Pedagojik değerleri, didaktik bir dil yerine, daha masalsı yaklaşımla olayı karikatürize eder çocuk edebiyatı. Onlar dünyaya bizim gözümüzle bakmazlar. Heyecan ve merak iç içe girmiş, sanki yeryüzü yeni yeni keşfediliyor gibi algıları maksimum düzeydedir. Öğrenmeye ve şaşırmaya teşne bu minik yürekler, bizim bakış açımızı yetersiz, katı ve belki de sıradan bulabilirler. 

İşte bu yüzden yalnızca onların ulaşabileceği hedefi gösteren bir harita var elimizde. Pusulayı çocuk zihniyle kurmazsak, yolu doğru tutturamayabiliriz.

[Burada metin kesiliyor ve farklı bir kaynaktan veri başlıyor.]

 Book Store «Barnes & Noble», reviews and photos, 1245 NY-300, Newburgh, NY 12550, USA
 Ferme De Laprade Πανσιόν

Öyle bir çağdayız ki, vakit tüketme noktasında hiçbir sıkıntı yaşamıyoruz. Okumanın yerini alacak o kadar çok önceliklerimiz var ki. İlk emri “Oku” olan dinimizi dahi okumaktan aciz düştük çoğu zaman. Ebeveynler olarak bizler bile okumadığımızda; eksik kaldığımızı, tamamlanamadığımızı fark ediyoruz. 

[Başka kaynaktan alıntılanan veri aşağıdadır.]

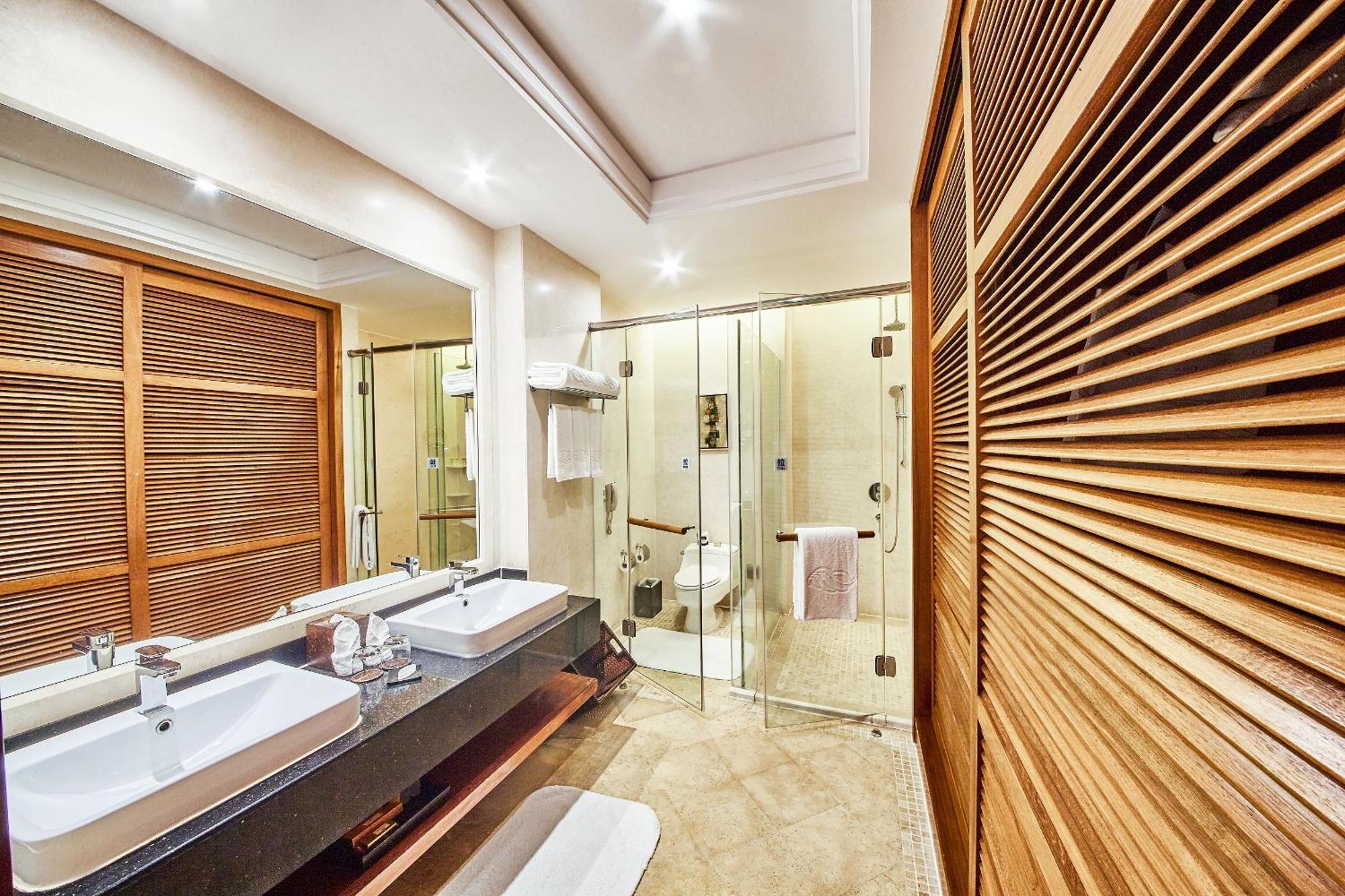 Ocean Sonic Resort Sanya Buitenkant foto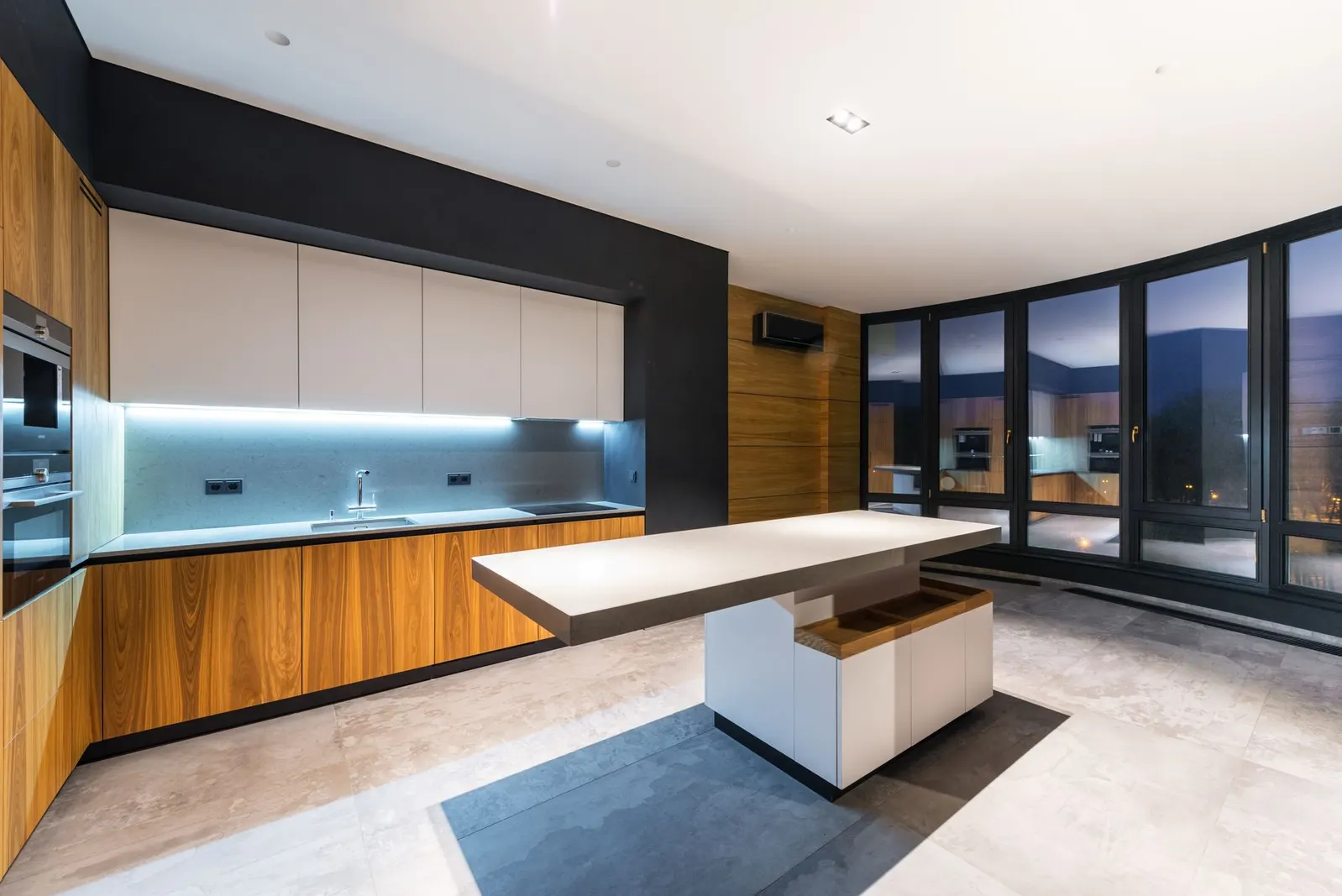 Apartamento 4 dormitórios para locação em Natal, São Paulo — Cozinha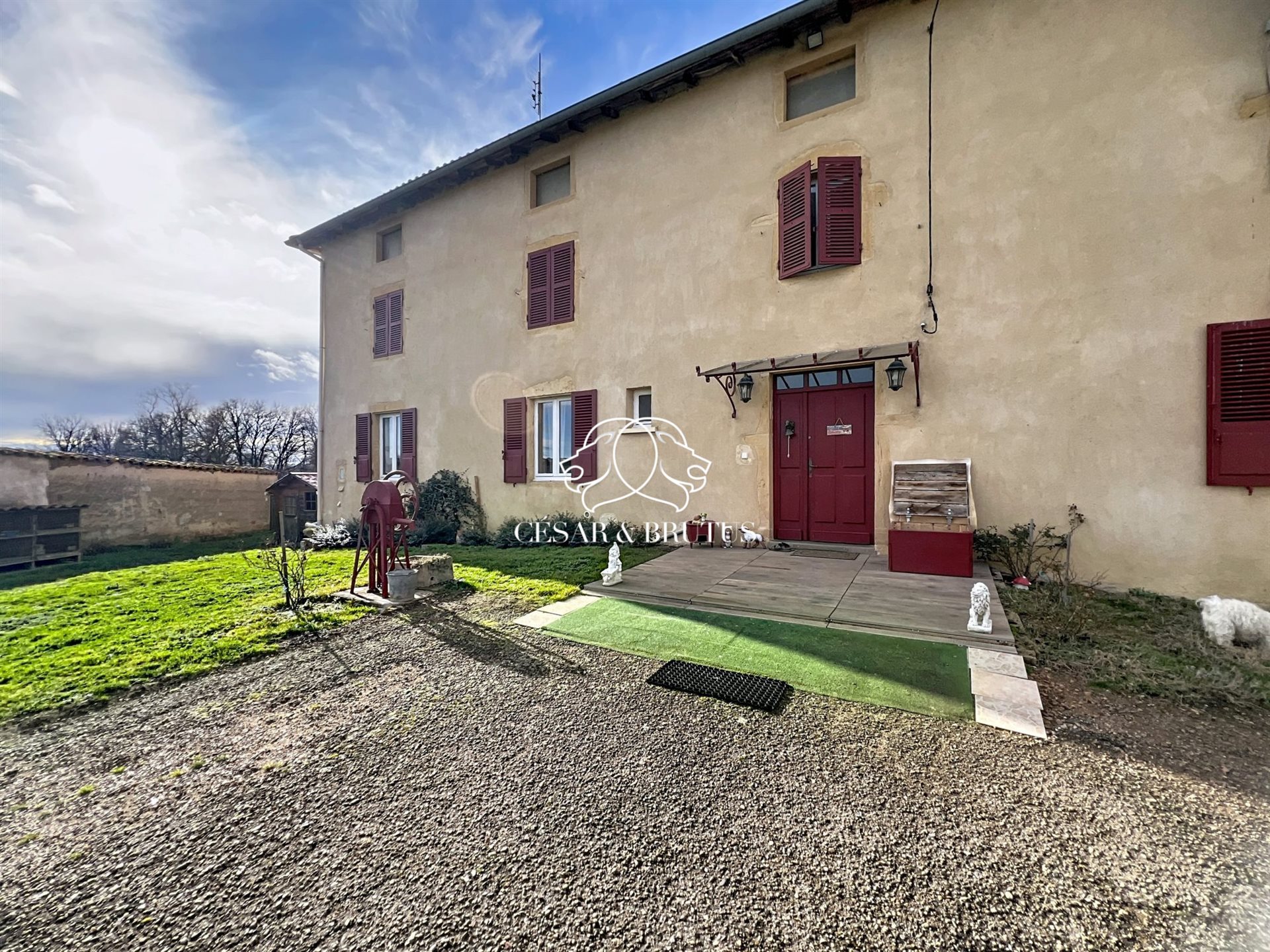 Maison à vendre, 175m², Pouilly-sous-Charlieu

Okumaya vakit ayıran kaç kişi var çevremizde? Ne kadar istesek de kitaplara gömülüp saatlerce dünyayla bağlarımızı koparamıyoruz. Daha ilk sayfalarda telefondan gelen bildirimler bölüyor bizi. Sessize almak bir yere kadar çözüyor sorunu. Toplantı ya da programlarımız için kurduğumuz alarmlar bırakmıyor yakamızı. Böyle devam ediyor liste ve biz okuyamıyoruz…

Bunu çocuklarımıza nasıl açıklayacağız bilmiyorum ama okumaya vakit ayıramamanın mazeretleri kabul görmeyecektir. Anne babasının elinde kitap görmeyen bir nesli okumamakla suçlayamayız diye düşünüyorum. 

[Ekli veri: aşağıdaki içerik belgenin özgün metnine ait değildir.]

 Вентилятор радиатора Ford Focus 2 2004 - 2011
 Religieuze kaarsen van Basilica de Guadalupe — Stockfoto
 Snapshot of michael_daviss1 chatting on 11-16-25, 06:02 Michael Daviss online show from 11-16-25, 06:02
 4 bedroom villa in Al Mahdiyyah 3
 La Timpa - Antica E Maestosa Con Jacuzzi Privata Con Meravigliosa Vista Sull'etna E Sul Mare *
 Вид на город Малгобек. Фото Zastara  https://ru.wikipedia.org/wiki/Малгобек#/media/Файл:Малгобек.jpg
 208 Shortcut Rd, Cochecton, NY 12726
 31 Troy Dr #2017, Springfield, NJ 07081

Hayatım boyunca hep şunu hayal ettim; çocuklarımın ilk kez yapacakları şeylere öncülük etmek. İlk defa denizi ya da ormanı gördüklerinde yanlarında olmak. Arazide ilk yatılı kampımızda, çadırımızın yanına uzanıp birlikte yıldızlara bakarak uyuduk. Çocuklarımla bunu deneyimlerken hayatları boyunca bu anı unutmayacaklarını biliyorum.

Okuma kültürü de hayatımızda böyle olmalı bence.

Şehir kütüphanesine giderken kızıma “Apartman kadar büyük binanın içinde binlerce kitap olan bir yer. Ağaçları kitap olan bir orman gibi” demiştim. Gidene kadar neler hayal etti bilmiyorum. Ama eğlendiğini biliyorum. Ciltli kitapların ne olduğunu bilmese de ilgisini çekmişti. 

Daha sonra birlikte sahafları da gezdik. Doğduğundan beri kitaplara dokunmadan, resimlerine bakmadan, hikâye dinlemeden bir hafta bile geçirmemesine dikkat ettik. Okumanın ve bir kitaba sahip olmanın heyecanı kaybedilmemeli. 

Sonrası biraz da nasip gibi duruyor. Ebeveynle çocuk arasındaki bağı kuvvetlendirecek bir etken okuma kültürü. Birlikte vakit geçirmek, beraber fikir edinmek, bir ideayı tartışmak, bir tarihin sayfalarını birlikte keşfetmek…

Sözün sonu, kitaplar bizim hayatımızda ne kadar fazla olursa; çocuklarımıza kitap okuma alışkanlığını kazandırmamız o denli kolaylaşacak. Bazen diyorum, kitap okumak da genetik olsaydı keşke.